DeepSource: Point source detection using deep learning
Abstract
Point source detection at low signal-to-noise ratio (SNR) is challenging for astronomical surveys, particularly in radio interferometry images where the noise is correlated. Machine learning is a promising solution, allowing the development of algorithms tailored to specific telescope arrays and science cases. We present DEEPSOURCE - a deep learning solution - that uses convolutional neural networks to achieve these goals. DEEPSOURCE enhances the SNR of the sources in the original map and then uses dynamic blob detection to detect sources. Trained and tested on two sets of 500 simulated 1◦ × 1◦ MeerKAT images with a total of 300 000 sources, DEEPSOURCE is essentially perfect in both purity and completeness down to SNR = 4 and outperforms PYBDSF in all metrics.
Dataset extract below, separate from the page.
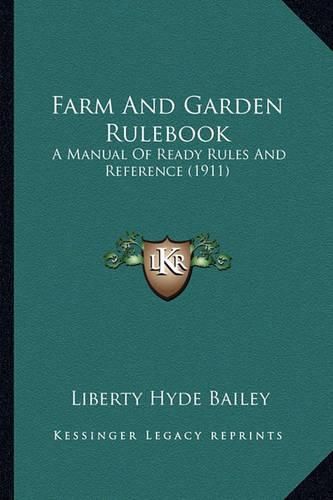 Farm and Garden Rulebook: A Manual of Ready Rules and Reference (1911)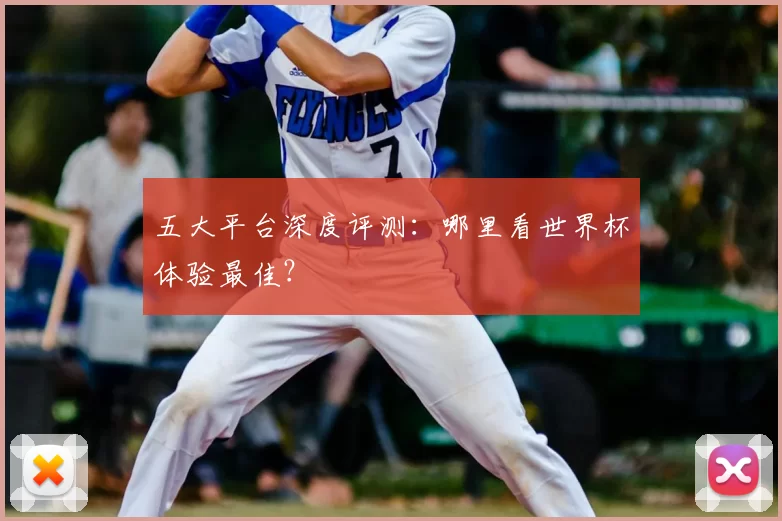 五大平台深度评测：哪里看世界杯体验最佳？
For uniformly weighted images, it achieves a Purity × Completeness (PC) score at SNR = 3 of 0.73, compared to 0.31 for the best PYBDSF model. For natural weighting, we find a smaller improvement of ∼40 per cent in the PC score at SNR = 3. If instead we ask where either of the purity or completeness first drops to 90 per cent, we find that DEEPSOURCE reaches this value at SNR = 3.6 compared to the 4.3 of PYBDSF (natural weighting). A key advantage of DEEPSOURCE is that it can learn to optimally trade off purity and completeness for any science case under consideration. Our results show that deep learning is a promising approach to point source detection in astronomical images.